_Records supplied_.
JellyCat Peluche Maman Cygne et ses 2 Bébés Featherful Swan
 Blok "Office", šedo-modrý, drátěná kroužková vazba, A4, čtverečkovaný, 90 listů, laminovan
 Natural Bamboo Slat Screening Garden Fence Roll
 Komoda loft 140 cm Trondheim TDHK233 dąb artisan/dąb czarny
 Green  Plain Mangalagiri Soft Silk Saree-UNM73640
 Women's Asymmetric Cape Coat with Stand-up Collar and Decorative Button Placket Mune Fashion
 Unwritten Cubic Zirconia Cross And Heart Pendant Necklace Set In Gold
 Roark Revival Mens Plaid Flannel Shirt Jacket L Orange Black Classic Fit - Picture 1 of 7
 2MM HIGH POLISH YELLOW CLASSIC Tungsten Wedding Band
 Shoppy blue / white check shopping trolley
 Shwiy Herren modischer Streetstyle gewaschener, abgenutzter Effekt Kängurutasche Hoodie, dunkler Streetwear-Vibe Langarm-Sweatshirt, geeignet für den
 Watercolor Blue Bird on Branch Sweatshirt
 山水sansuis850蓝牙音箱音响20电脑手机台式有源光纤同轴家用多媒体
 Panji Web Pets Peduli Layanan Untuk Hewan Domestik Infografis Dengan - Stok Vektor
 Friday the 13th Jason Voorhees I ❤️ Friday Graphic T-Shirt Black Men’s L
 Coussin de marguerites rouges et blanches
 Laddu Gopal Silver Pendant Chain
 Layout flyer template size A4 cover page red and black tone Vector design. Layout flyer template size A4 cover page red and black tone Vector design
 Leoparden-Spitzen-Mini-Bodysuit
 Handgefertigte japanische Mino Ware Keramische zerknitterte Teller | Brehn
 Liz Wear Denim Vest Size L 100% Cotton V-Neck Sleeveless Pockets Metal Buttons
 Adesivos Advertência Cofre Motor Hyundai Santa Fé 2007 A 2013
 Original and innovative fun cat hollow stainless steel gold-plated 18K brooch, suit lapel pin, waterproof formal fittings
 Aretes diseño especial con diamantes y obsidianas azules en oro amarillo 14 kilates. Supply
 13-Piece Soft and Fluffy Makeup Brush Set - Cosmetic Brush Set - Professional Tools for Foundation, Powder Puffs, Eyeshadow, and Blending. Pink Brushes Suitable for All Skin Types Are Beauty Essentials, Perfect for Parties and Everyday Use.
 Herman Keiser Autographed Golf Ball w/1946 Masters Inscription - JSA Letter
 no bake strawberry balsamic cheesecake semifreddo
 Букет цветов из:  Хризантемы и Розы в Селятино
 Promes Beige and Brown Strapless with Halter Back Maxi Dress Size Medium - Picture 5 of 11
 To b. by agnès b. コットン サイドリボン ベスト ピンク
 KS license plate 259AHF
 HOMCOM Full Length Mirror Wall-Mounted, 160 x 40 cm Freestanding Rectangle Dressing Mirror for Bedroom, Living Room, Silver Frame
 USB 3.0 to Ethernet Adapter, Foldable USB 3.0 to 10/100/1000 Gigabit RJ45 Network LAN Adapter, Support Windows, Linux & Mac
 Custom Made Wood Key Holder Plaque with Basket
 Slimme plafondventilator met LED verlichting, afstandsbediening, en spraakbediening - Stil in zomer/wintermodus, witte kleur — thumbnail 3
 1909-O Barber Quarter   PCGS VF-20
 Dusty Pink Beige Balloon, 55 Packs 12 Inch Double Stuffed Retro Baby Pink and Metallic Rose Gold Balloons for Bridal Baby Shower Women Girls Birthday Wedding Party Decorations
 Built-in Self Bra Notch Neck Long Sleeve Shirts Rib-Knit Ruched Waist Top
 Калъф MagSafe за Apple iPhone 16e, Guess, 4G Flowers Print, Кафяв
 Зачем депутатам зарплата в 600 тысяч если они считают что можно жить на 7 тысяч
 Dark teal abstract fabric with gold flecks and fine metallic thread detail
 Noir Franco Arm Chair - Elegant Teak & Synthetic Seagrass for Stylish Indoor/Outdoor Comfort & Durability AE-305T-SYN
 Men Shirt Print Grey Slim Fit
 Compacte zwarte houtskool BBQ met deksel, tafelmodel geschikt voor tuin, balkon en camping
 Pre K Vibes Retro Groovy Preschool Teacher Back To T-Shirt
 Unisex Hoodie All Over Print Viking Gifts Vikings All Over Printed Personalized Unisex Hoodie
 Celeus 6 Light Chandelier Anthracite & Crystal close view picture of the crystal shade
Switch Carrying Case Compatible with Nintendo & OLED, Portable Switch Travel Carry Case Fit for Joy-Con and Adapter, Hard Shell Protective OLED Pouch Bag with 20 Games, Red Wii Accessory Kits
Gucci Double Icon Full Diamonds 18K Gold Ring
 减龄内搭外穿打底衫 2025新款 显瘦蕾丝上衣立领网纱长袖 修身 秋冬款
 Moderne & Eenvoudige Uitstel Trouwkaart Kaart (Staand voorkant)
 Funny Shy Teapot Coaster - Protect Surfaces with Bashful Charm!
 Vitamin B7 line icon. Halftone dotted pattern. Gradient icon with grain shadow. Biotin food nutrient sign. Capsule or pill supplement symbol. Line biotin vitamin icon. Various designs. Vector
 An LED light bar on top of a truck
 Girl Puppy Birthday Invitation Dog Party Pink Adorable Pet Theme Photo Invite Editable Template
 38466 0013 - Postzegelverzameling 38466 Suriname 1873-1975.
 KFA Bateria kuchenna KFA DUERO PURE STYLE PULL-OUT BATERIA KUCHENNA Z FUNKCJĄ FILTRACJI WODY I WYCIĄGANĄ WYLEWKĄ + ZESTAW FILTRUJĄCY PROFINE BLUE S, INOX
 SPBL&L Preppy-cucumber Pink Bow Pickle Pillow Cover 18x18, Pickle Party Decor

_How to complete this task_.
Your reply must consist solely of the count of lines in the listing above that hold the string "Soft".

_Answer space_.
2